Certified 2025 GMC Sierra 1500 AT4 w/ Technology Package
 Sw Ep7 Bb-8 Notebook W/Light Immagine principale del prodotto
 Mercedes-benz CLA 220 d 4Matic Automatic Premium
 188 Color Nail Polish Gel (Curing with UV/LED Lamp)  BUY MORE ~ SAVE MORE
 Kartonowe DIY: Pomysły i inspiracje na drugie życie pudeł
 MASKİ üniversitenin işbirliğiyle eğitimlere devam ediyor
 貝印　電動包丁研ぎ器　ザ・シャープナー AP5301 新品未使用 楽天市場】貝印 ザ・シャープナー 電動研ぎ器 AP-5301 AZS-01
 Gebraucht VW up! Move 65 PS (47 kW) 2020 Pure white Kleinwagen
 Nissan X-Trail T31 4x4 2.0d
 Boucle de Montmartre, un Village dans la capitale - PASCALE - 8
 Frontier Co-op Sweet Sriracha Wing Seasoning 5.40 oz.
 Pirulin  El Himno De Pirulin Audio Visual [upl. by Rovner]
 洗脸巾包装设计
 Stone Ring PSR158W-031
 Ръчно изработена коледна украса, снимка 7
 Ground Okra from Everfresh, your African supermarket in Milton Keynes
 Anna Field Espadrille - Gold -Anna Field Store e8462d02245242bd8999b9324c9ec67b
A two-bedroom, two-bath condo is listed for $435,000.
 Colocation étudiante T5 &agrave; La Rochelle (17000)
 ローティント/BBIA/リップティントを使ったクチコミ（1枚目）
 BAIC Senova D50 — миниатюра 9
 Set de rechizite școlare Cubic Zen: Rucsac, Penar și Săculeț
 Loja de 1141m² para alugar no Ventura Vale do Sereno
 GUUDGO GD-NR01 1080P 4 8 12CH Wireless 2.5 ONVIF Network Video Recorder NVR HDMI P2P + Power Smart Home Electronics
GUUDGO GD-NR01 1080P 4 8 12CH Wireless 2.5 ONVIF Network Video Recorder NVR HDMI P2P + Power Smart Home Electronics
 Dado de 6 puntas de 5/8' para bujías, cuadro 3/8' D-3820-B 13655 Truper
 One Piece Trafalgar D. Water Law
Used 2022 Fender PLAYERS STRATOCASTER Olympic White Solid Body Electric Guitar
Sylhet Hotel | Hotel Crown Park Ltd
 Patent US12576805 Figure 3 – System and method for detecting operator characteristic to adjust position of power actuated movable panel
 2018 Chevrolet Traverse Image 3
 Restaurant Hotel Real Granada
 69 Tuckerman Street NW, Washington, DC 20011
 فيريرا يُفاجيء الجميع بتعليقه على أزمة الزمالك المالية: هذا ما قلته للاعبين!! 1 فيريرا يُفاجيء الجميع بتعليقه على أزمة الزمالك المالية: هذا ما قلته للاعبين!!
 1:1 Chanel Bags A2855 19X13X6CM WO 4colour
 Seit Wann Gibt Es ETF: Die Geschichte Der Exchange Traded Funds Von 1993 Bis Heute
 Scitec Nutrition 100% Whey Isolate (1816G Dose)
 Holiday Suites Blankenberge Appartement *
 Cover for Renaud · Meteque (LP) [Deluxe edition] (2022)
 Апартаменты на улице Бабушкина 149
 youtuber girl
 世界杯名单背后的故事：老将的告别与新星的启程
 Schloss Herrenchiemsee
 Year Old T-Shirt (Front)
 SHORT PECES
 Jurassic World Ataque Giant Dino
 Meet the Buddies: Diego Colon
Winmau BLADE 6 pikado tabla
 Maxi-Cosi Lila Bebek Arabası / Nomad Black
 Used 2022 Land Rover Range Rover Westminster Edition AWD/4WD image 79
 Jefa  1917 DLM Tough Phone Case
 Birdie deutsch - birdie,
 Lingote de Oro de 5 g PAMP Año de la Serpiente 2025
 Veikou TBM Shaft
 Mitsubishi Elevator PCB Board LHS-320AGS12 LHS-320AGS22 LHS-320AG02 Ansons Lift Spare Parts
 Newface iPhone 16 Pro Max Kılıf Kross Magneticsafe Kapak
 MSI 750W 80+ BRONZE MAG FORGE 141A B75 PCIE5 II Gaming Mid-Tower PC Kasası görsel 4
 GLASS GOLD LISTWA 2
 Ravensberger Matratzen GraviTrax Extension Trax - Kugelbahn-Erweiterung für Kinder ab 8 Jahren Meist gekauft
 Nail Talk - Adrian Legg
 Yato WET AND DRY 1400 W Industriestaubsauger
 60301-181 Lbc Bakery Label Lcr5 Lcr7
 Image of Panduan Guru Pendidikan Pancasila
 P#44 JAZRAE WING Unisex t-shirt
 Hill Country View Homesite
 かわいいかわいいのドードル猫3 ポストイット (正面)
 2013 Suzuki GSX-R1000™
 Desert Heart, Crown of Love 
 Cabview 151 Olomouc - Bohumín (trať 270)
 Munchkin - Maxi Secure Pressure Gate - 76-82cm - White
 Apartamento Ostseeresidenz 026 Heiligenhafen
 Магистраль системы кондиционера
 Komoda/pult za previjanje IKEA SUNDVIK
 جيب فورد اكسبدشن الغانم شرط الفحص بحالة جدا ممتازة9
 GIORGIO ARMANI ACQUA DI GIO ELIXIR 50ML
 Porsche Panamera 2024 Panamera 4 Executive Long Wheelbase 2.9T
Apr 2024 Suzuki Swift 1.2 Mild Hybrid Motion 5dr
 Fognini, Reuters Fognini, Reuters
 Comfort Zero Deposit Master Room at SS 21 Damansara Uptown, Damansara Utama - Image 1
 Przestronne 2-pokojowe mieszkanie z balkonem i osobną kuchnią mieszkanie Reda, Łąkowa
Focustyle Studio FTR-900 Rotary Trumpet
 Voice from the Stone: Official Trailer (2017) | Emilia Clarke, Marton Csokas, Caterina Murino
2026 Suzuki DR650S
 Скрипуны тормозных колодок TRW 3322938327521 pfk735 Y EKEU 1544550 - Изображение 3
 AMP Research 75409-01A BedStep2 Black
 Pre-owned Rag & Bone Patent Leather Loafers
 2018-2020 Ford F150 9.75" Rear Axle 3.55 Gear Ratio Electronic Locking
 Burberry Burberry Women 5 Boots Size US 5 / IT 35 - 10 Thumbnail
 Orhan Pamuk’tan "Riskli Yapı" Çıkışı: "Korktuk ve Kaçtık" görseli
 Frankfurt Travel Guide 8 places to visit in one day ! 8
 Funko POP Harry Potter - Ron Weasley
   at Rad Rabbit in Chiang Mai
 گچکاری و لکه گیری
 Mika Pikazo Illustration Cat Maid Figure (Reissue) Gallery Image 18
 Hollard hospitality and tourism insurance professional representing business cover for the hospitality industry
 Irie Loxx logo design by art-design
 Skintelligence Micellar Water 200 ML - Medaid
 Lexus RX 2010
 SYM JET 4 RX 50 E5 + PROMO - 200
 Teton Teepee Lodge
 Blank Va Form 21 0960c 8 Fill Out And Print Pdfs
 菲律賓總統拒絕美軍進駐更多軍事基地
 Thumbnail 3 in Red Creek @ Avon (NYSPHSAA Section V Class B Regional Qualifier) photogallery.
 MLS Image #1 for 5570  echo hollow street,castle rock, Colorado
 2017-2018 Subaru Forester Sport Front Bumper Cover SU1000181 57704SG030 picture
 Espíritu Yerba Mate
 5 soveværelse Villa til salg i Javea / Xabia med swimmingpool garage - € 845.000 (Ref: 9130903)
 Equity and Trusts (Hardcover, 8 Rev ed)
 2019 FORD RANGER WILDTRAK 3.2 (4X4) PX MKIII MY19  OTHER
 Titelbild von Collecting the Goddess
◆ ◆ ◆ ◆
PROBLEM TO SOLVE –
Copy out every record above once more, precisely as written.

RESPONSE BELOW –
Certified 2025 GMC Sierra 1500 AT4 w/ Technology Package
 Sw Ep7 Bb-8 Notebook W/Light Immagine principale del prodotto
 Mercedes-benz CLA 220 d 4Matic Automatic Premium
 188 Color Nail Polish Gel (Curing with UV/LED Lamp)  BUY MORE ~ SAVE MORE
 Kartonowe DIY: Pomysły i inspiracje na drugie życie pudeł
 MASKİ üniversitenin işbirliğiyle eğitimlere devam ediyor
 貝印　電動包丁研ぎ器　ザ・シャープナー AP5301 新品未使用 楽天市場】貝印 ザ・シャープナー 電動研ぎ器 AP-5301 AZS-01
 Gebraucht VW up! Move 65 PS (47 kW) 2020 Pure white Kleinwagen
 Nissan X-Trail T31 4x4 2.0d
 Boucle de Montmartre, un Village dans la capitale - PASCALE - 8
 Frontier Co-op Sweet Sriracha Wing Seasoning 5.40 oz.
 Pirulin  El Himno De Pirulin Audio Visual [upl. by Rovner]
 洗脸巾包装设计
 Stone Ring PSR158W-031
 Ръчно изработена коледна украса, снимка 7
 Ground Okra from Everfresh, your African supermarket in Milton Keynes
 Anna Field Espadrille - Gold -Anna Field Store e8462d02245242bd8999b9324c9ec67b
A two-bedroom, two-bath condo is listed for $435,000.
 Colocation étudiante T5 &agrave; La Rochelle (17000)
 ローティント/BBIA/リップティントを使ったクチコミ（1枚目）
 BAIC Senova D50 — миниатюра 9
 Set de rechizite școlare Cubic Zen: Rucsac, Penar și Săculeț
 Loja de 1141m² para alugar no Ventura Vale do Sereno
 GUUDGO GD-NR01 1080P 4 8 12CH Wireless 2.5 ONVIF Network Video Recorder NVR HDMI P2P + Power Smart Home Electronics
GUUDGO GD-NR01 1080P 4 8 12CH Wireless 2.5 ONVIF Network Video Recorder NVR HDMI P2P + Power Smart Home Electronics
 Dado de 6 puntas de 5/8' para bujías, cuadro 3/8' D-3820-B 13655 Truper
 One Piece Trafalgar D. Water Law
Used 2022 Fender PLAYERS STRATOCASTER Olympic White Solid Body Electric Guitar
Sylhet Hotel | Hotel Crown Park Ltd
 Patent US12576805 Figure 3 – System and method for detecting operator characteristic to adjust position of power actuated movable panel
 2018 Chevrolet Traverse Image 3
 Restaurant Hotel Real Granada
 69 Tuckerman Street NW, Washington, DC 20011
 فيريرا يُفاجيء الجميع بتعليقه على أزمة الزمالك المالية: هذا ما قلته للاعبين!! 1 فيريرا يُفاجيء الجميع بتعليقه على أزمة الزمالك المالية: هذا ما قلته للاعبين!!
 1:1 Chanel Bags A2855 19X13X6CM WO 4colour
 Seit Wann Gibt Es ETF: Die Geschichte Der Exchange Traded Funds Von 1993 Bis Heute
 Scitec Nutrition 100% Whey Isolate (1816G Dose)
 Holiday Suites Blankenberge Appartement *
 Cover for Renaud · Meteque (LP) [Deluxe edition] (2022)
 Апартаменты на улице Бабушкина 149
 youtuber girl
 世界杯名单背后的故事：老将的告别与新星的启程
 Schloss Herrenchiemsee
 Year Old T-Shirt (Front)
 SHORT PECES
 Jurassic World Ataque Giant Dino
 Meet the Buddies: Diego Colon
Winmau BLADE 6 pikado tabla
 Maxi-Cosi Lila Bebek Arabası / Nomad Black
 Used 2022 Land Rover Range Rover Westminster Edition AWD/4WD image 79
 Jefa  1917 DLM Tough Phone Case
 Birdie deutsch - birdie,
 Lingote de Oro de 5 g PAMP Año de la Serpiente 2025
 Veikou TBM Shaft
 Mitsubishi Elevator PCB Board LHS-320AGS12 LHS-320AGS22 LHS-320AG02 Ansons Lift Spare Parts
 Newface iPhone 16 Pro Max Kılıf Kross Magneticsafe Kapak
 MSI 750W 80+ BRONZE MAG FORGE 141A B75 PCIE5 II Gaming Mid-Tower PC Kasası görsel 4
 GLASS GOLD LISTWA 2
 Ravensberger Matratzen GraviTrax Extension Trax - Kugelbahn-Erweiterung für Kinder ab 8 Jahren Meist gekauft
 Nail Talk - Adrian Legg
 Yato WET AND DRY 1400 W Industriestaubsauger
 60301-181 Lbc Bakery Label Lcr5 Lcr7
 Image of Panduan Guru Pendidikan Pancasila
 P#44 JAZRAE WING Unisex t-shirt
 Hill Country View Homesite
 かわいいかわいいのドードル猫3 ポストイット (正面)
 2013 Suzuki GSX-R1000™
 Desert Heart, Crown of Love 
 Cabview 151 Olomouc - Bohumín (trať 270)
 Munchkin - Maxi Secure Pressure Gate - 76-82cm - White
 Apartamento Ostseeresidenz 026 Heiligenhafen
 Магистраль системы кондиционера
 Komoda/pult za previjanje IKEA SUNDVIK
 جيب فورد اكسبدشن الغانم شرط الفحص بحالة جدا ممتازة9
 GIORGIO ARMANI ACQUA DI GIO ELIXIR 50ML
 Porsche Panamera 2024 Panamera 4 Executive Long Wheelbase 2.9T
Apr 2024 Suzuki Swift 1.2 Mild Hybrid Motion 5dr
 Fognini, Reuters Fognini, Reuters
 Comfort Zero Deposit Master Room at SS 21 Damansara Uptown, Damansara Utama - Image 1
 Przestronne 2-pokojowe mieszkanie z balkonem i osobną kuchnią mieszkanie Reda, Łąkowa
Focustyle Studio FTR-900 Rotary Trumpet
 Voice from the Stone: Official Trailer (2017) | Emilia Clarke, Marton Csokas, Caterina Murino
2026 Suzuki DR650S
 Скрипуны тормозных колодок TRW 3322938327521 pfk735 Y EKEU 1544550 - Изображение 3
 AMP Research 75409-01A BedStep2 Black
 Pre-owned Rag & Bone Patent Leather Loafers
 2018-2020 Ford F150 9.75" Rear Axle 3.55 Gear Ratio Electronic Locking
 Burberry Burberry Women 5 Boots Size US 5 / IT 35 - 10 Thumbnail
 Orhan Pamuk’tan "Riskli Yapı" Çıkışı: "Korktuk ve Kaçtık" görseli
 Frankfurt Travel Guide 8 places to visit in one day ! 8
 Funko POP Harry Potter - Ron Weasley
   at Rad Rabbit in Chiang Mai
 گچکاری و لکه گیری
 Mika Pikazo Illustration Cat Maid Figure (Reissue) Gallery Image 18
 Hollard hospitality and tourism insurance professional representing business cover for the hospitality industry
 Irie Loxx logo design by art-design
 Skintelligence Micellar Water 200 ML - Medaid
 Lexus RX 2010
 SYM JET 4 RX 50 E5 + PROMO - 200
 Teton Teepee Lodge
 Blank Va Form 21 0960c 8 Fill Out And Print Pdfs
 菲律賓總統拒絕美軍進駐更多軍事基地
 Thumbnail 3 in Red Creek @ Avon (NYSPHSAA Section V Class B Regional Qualifier) photogallery.
 MLS Image #1 for 5570  echo hollow street,castle rock, Colorado
 2017-2018 Subaru Forester Sport Front Bumper Cover SU1000181 57704SG030 picture
 Espíritu Yerba Mate
 5 soveværelse Villa til salg i Javea / Xabia med swimmingpool garage - € 845.000 (Ref: 9130903)
 Equity and Trusts (Hardcover, 8 Rev ed)
 2019 FORD RANGER WILDTRAK 3.2 (4X4) PX MKIII MY19  OTHER
 Titelbild von Collecting the Goddess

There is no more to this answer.